Background
To date, tuberculosis (TB) remains a global infectious disease with high prevalence in developing countries and immunocompromised populations [
1]. Approximately one-third of the worldwide population has been infected with
M. tuberculosis [
2], and nearly 10 million new TB cases are reported every year [
3]. Intestinal tuberculosis (ITB) accounts for approximately 5% of all TB cases, mimicking a number of chronic gastrointestinal disorders, such as Crohn’s disease (CD), intestinal lymphoma and Behcet’s disease [
4]. ITB can result in long-term gastrointestinal symptoms, and has been shown to greatly compromise quality of life [
5].
Current diagnostic and therapeutic regimens of ITB greatly rely on the evaluation of the responses to anti-tubercular therapy (ATT). Several approaches for ITB diagnosis exist, including acid-fast bacilli, distinctive pathological epithelioid granuloma with caseous necrosis and isolation of
M.tuberculosis, however, the sensitivity of these tests is low [
6‐
9]. The diagnostic value of TB-PCR and T.spot. TB remains controversial. Under this condition, a more practical way to diagnose ITB is to evaluate the responses of diagnostic ATT in patients with suspected ITB symptoms and endoscopic manifestations, which has become a widely-used method for ITB diagnosis [
10‐
12]. With regard to therapy, the standard course of ATT can be as long as 6 to 12 months. In addition, adverse drug reactions of ATT are common, and may therefore lower the compliance of patients. Therefore, in some cases, careful consideration of efficacy and adverse effects is required to make decisions regarding drug suspension or withdrawal. Thus, reliable evaluation of ATT responses is urgently required for both diagnosis and treatment.
Current widely-used method to evaluate the response to ATT by gastroenterologists is a comprehensive judgment, consisting of colonoscopy responses, clinical symptomatic recovery and changes in serological inflammatory markers (e.g. erythrocyte sedimentation rate (ESR) and hypersensitive C-reaction protein (hsCRP)), with colonoscopy changes as the most important consideration [
13]. However, there are several limitations: except for terminal ileum, colonoscopy cannot reach most of the small intestine, which is also a common lesion site for ITB; the bowel preparation of the colonoscopy is intolerable for some patients with severe bowel lesions, and may worsen the disease and cause complications; in some cases with intestinal stenosis, endoscopic views can be largely restricted, and may therefore compromise the integrity of assessment; in some other patients with milder disease, the repeated painful experience may lower their follow-up compliance.
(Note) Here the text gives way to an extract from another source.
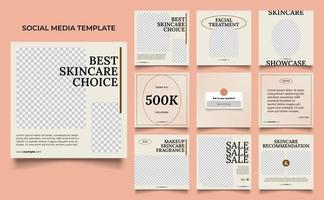 social media template banner schönheitspflege kosmetik- und spa-verkaufsförderung vektor
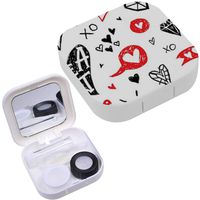 Portable Contact Lens Case Box Travel Kit Mirror + Bottle + Tweezers Container Holder [ Doodle Rustic Hearts ]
In recent years, cross-sectional imaging modalities such as CT enterography (CTE) and gastrointestinal ultrasound (GIUS) have been used in ITB for diagnosis and disease assessment [
10,
14‐
16]. The role of CTE/GIUS in the evaluation of ATT responses of ITB is unknown. In this study, we evaluated the sensitivity and specificity of CTE and GIUS in the assessment of responses to ATT.
Methods
Patients and study design
This is a retrospective cohort study. The inpatient database from September 2015 to April 2019 of Peking Union Medical College Hospital, Beijing, China was reviewed. The inclusion criteria were: 1) Diagnosis of ITB, which must meet at least one of the following criteria: a. a characteristic epithelioid granuloma with caseous necrosis in biopsy samples of the intestine; b. positive results for M.tuberculosis culture or acid-fast bacilli (AFB) smear in intestinal tissues; c. typical clinical, imaging and endoscopic manifestations, plus active pulmonary TB or positive response to ATT for at least 2–8 weeks during follow-up. 2) Patients were started with ATT during hospitalization, then regularly followed up in our clinic after discharge, with full records of clinical, laboratory, imaging and endoscopic data before and after ATT. The exclusion criteria included: 1) Other accompanied chronic bowel diseases, such as malignant intestinal tumors, Crohn’s disease, Behcet’s disease. 2) The time interval between the colonoscopy and imaging examinations was longer than 2 months. 3) Discontinuance of ATT, or received surgery during follow-up period. Informed consent was obtained from all individual participants included in this study.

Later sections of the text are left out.